((

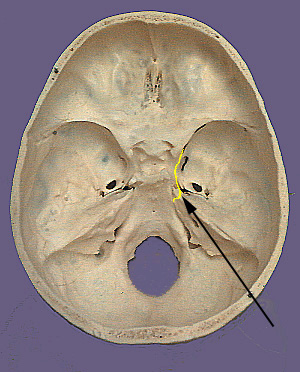 Cranium CN IV
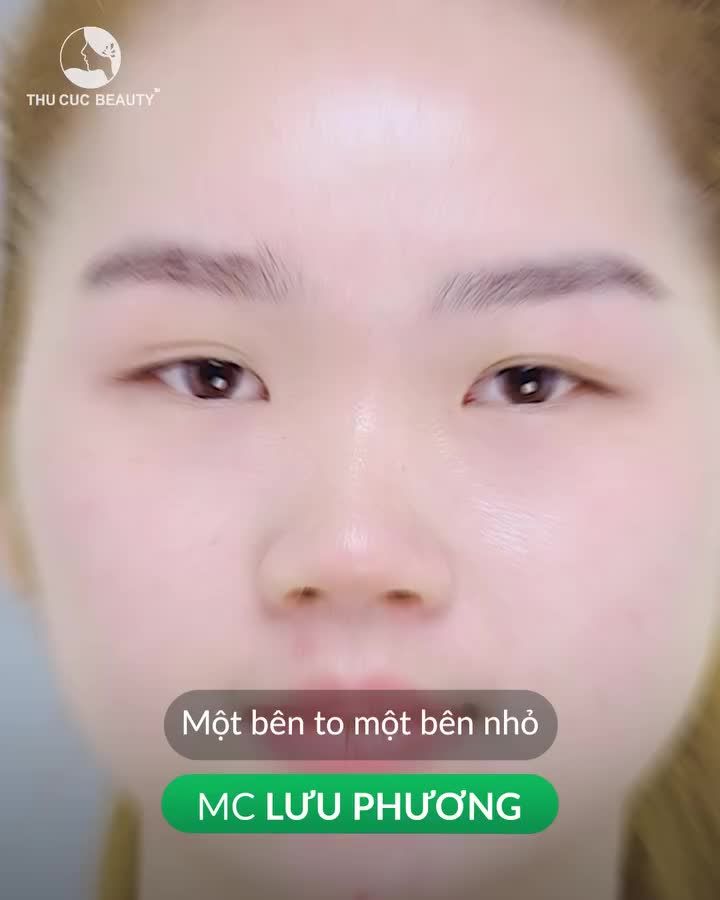 Thẩm mỹ TC cho khách hàng một đôi mắt cân đối, sắc
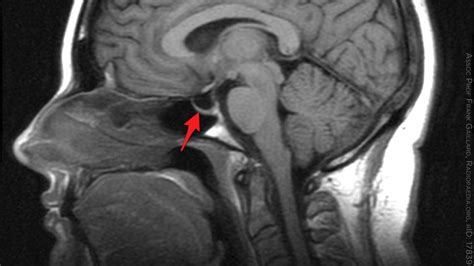 Bariatric Surgery Promising In Idiopathic Intracranial Hypertension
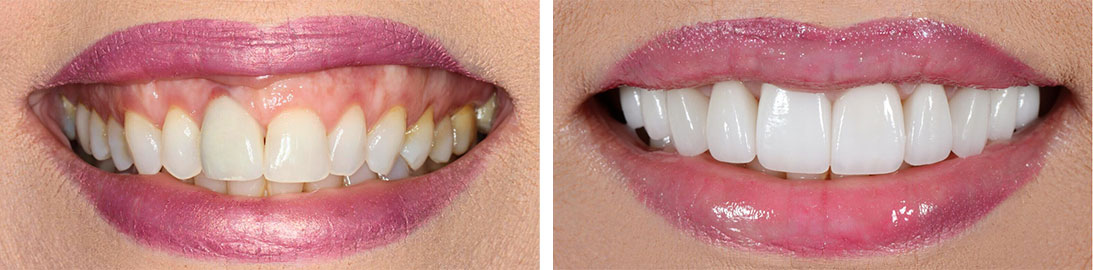 Smile of our patient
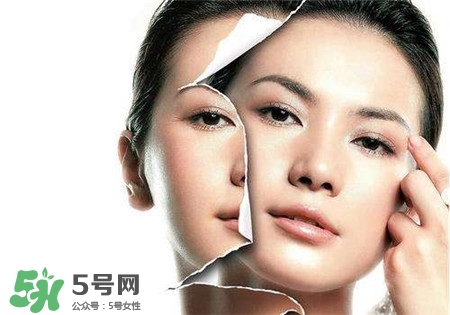 美白針是什么？美白針可以連續(xù)打嗎？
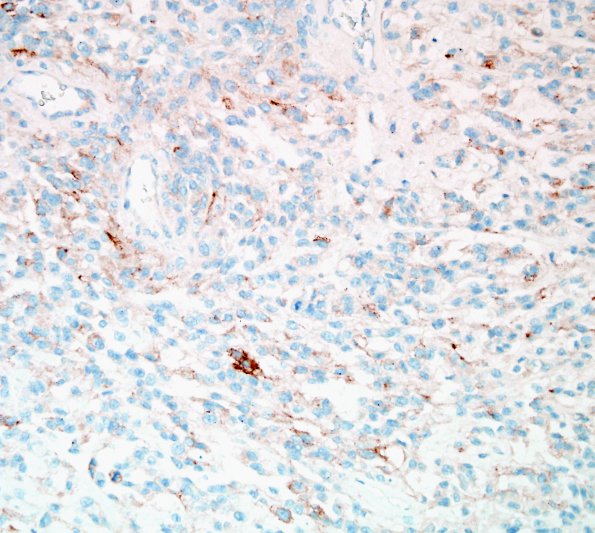 1D Meningioma, anaplastic, chordoid (Case 1) EMA 5.jpg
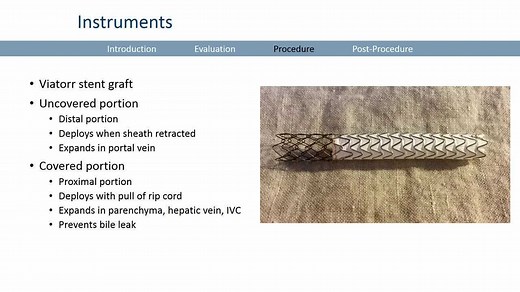 TIPS手术过程详解-1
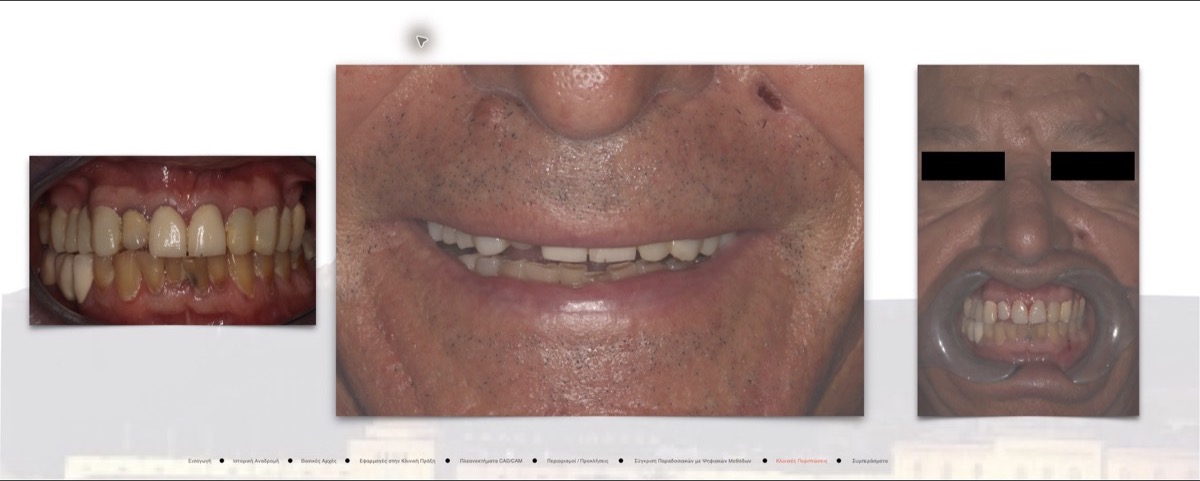 Initial clinical condition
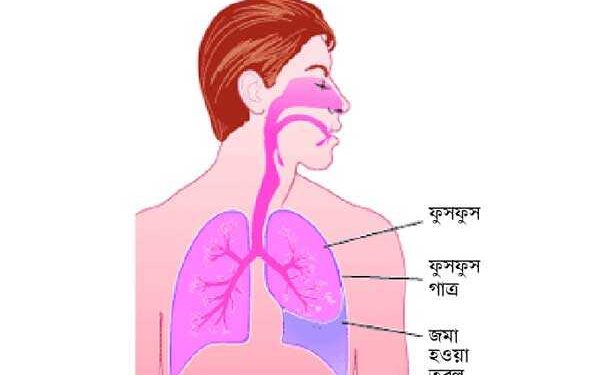 ফুসফুসে পানি জমা রোগের নাম প্লুরাল ইফিউশন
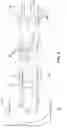 Fig. 06 - Method of tuning bending and torsion stiffness of ducted rotor core of an induction motor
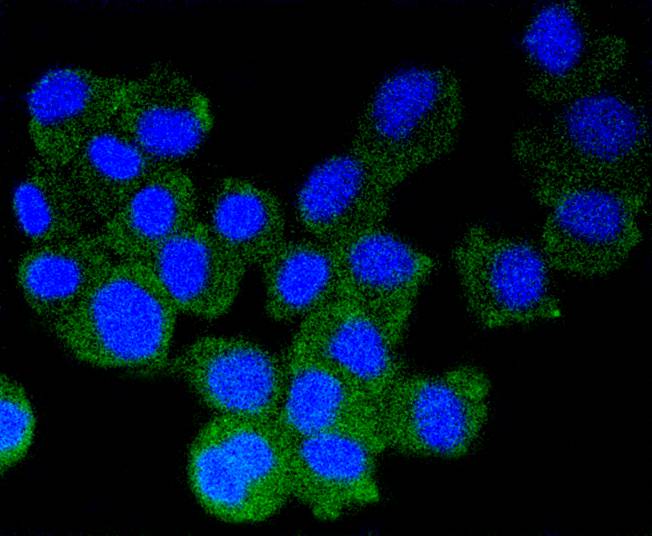 alpha+beta Synuclein Rabbit mAb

))

(WORK TO COMPLETE):
Pictures do not belong in your copy; restate word for word the lines from the one containing "TIPS手术过程详解-1" through the last line of the records above.

(OUTPUT FOR THIS EXERCISE):
 TIPS手术过程详解-1
 Initial clinical condition
 ফুসফুসে পানি জমা রোগের নাম প্লুরাল ইফিউশন
 Fig. 06 - Method of tuning bending and torsion stiffness of ducted rotor core of an induction motor
 alpha+beta Synuclein Rabbit mAb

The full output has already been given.